Seorang anak kampung yang hanya bermodal mimpi, kini bisa menginjakkan kaki di benua yang tadinya hanya angan-angannya bersama rekan Sahibul Menara. Benua Amerika tidak lagi sejauh matanya memandang awan yang membentuk goresan Negeri Paman Sam itu. Ia menginjakkinya. Menjejakan langkahnya untuk mulai berpetualang, walaupun ia harus terima bahwa keinginannya untuk memperlancar bahasa Inggris terbentur dengan budaya di tempatnya ditempatkan yang tidak berbahasa Inggris. Tapi bukan Alif namanya kalau ia menyerah begitu saja.

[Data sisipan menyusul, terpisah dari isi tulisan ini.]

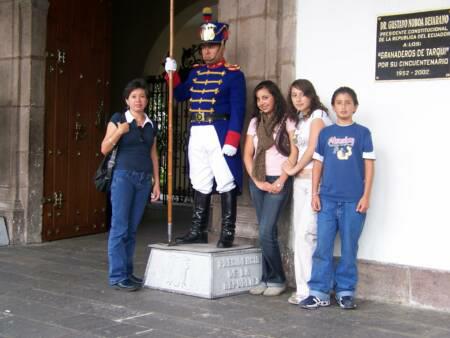 Guardia Presidencial - Palacio de Carondelet - Quito Historisches Zentrum Präsidentengarde Mateo Veronica Emily
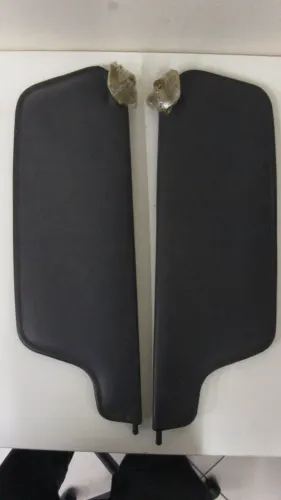 Par Quebra Sol Parasol Dodge Dart Charger Magnum R$ 1.100 pinos e parafusos de fixação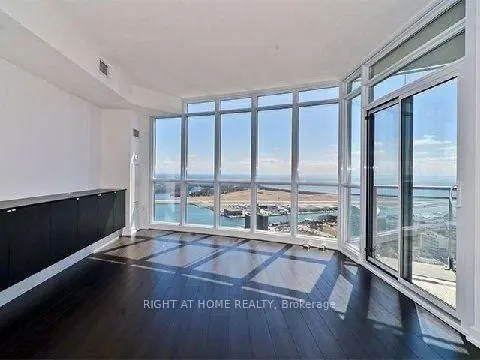 Toronto C01, ON M5V 4A9,21 Iceboat TER #4309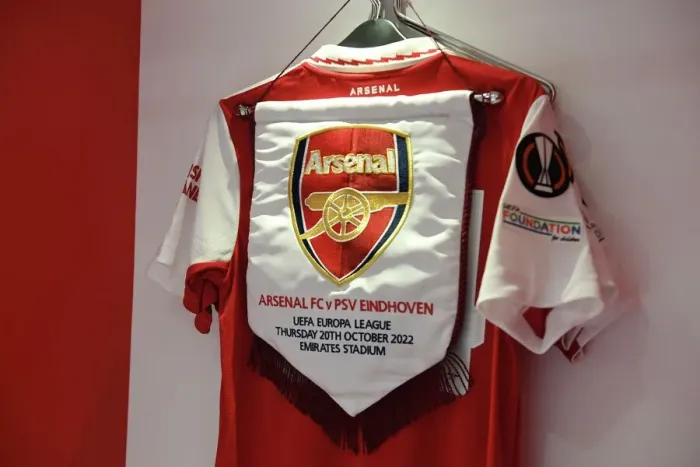 Framed Print : Arsenal vs PSV Eindhoven: Europa League Clash - Arsenal Changing Room Pennant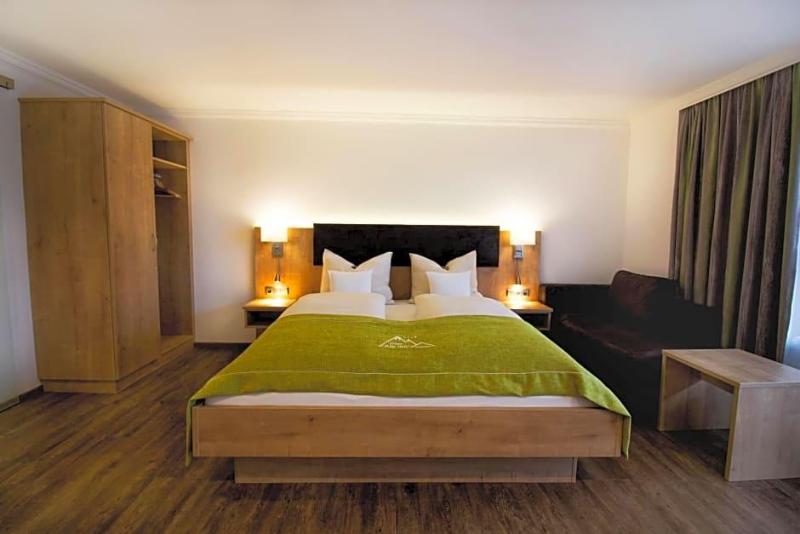 Alp Inn image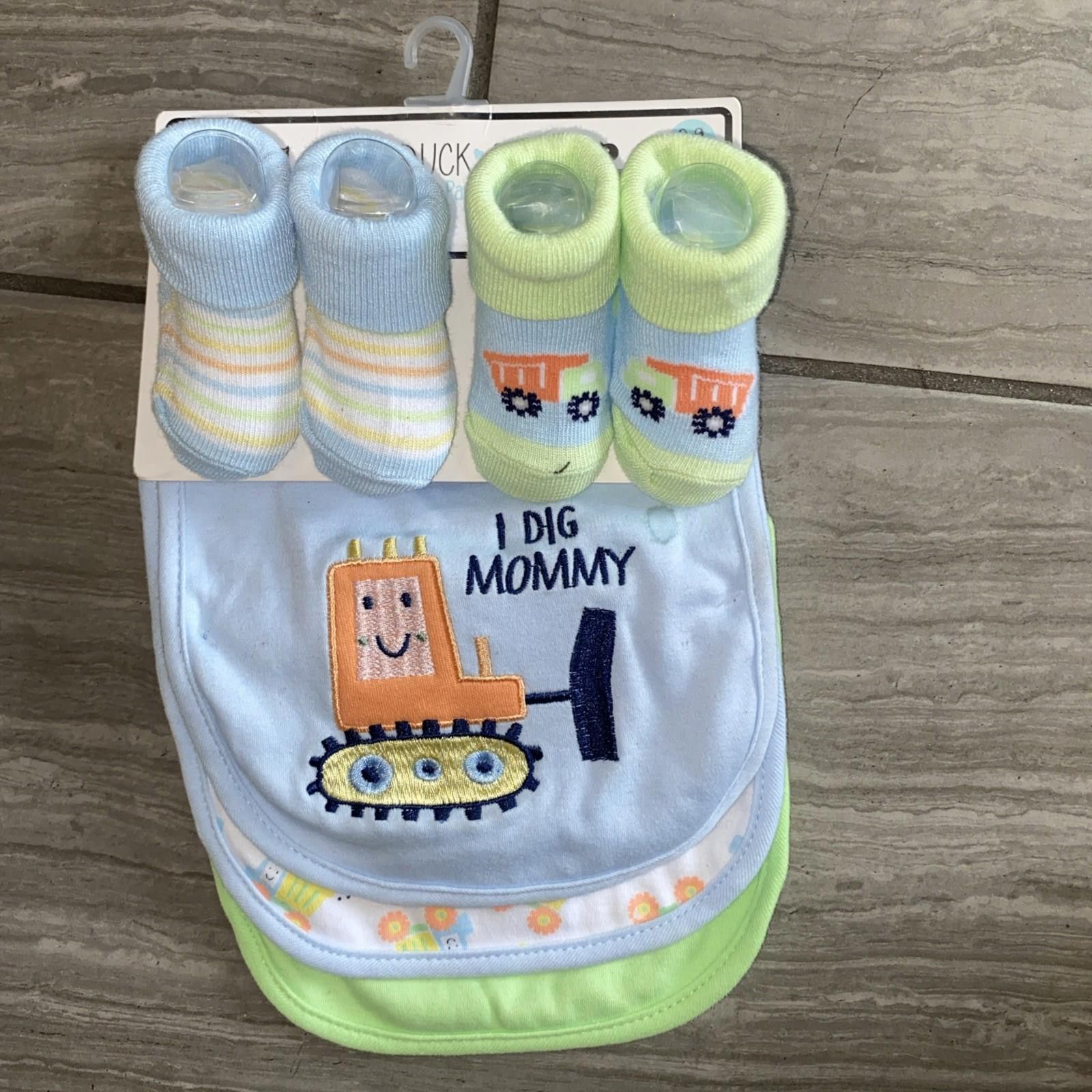 Other NEW 0-9 MO BOYS THEMED 5 PIECE BIBS SOCKS SET 3 BIBS 2 SOCKS Size ONE SIZE - 1 Thumbnail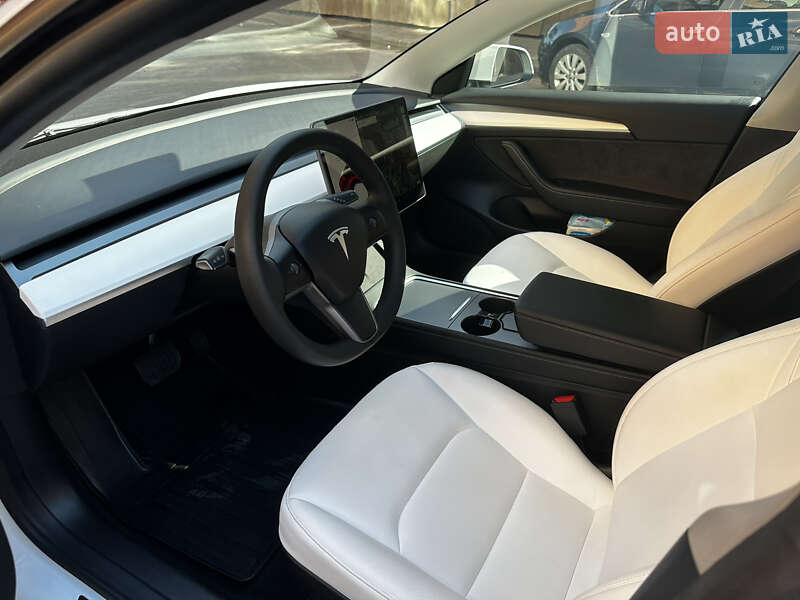 Седан Tesla Model 3 2022 в Калуше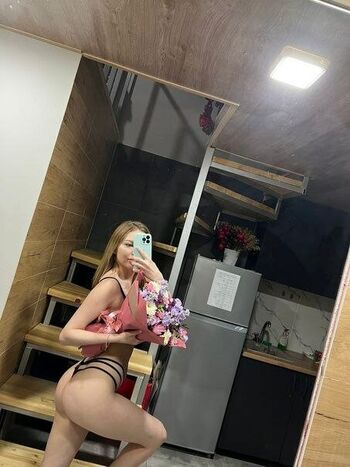 Crystallandysh page leaked private photo uncensored HD quality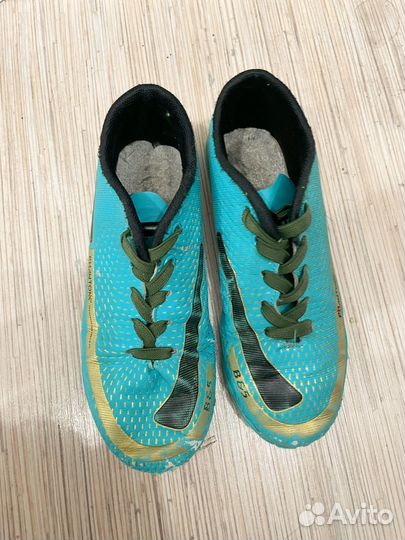 Футбольные бутсы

Novel ini sungguh menyajikan "angin segar" diantara novel lainnya yang sudah mendahuluinya. Tidak hanya sekedar fiksi belaka, namun tuangan pengalaman hidup, ketepatan penggambaran suasana, serta kekayaan batin penulisnya, membuat isi novel ini seperti hidup. Kita benar-benar seperti diajak menjelajah ke benua Amerika, ikut menyelami budaya penduduk Quebec, daerah kecil tempat Alif ditempatkan selama kurang lebih enam bulan, dengan segudang cerita interaksi Alif dengan penduduk sekitar. Sayangnya, saya merasa kehilangan Bang Togar Parangin-angin, yang di awal novel ini menyumbang "cerita manis". "Keberadaan" Bang Togar tiba-tiba saja lenyap di pertengahan novel hingga pada halaman terakhir. Padahal, tokoh yang satu ini berjasa dalam perjalanan kehidupan Alif di Bandung.

Namun dengan semua kelebihan dan kekurangannya, novel ini sungguh layak dan disarankan untuk dibaca oleh setiap orang yang merasa "kerdil" akan impian, merasa nyaris putus asa, dan wajib juga dibaca oleh setiap orang yang sedang berlari dan tidak berhenti berlari mengejar mimpi-mimpinya.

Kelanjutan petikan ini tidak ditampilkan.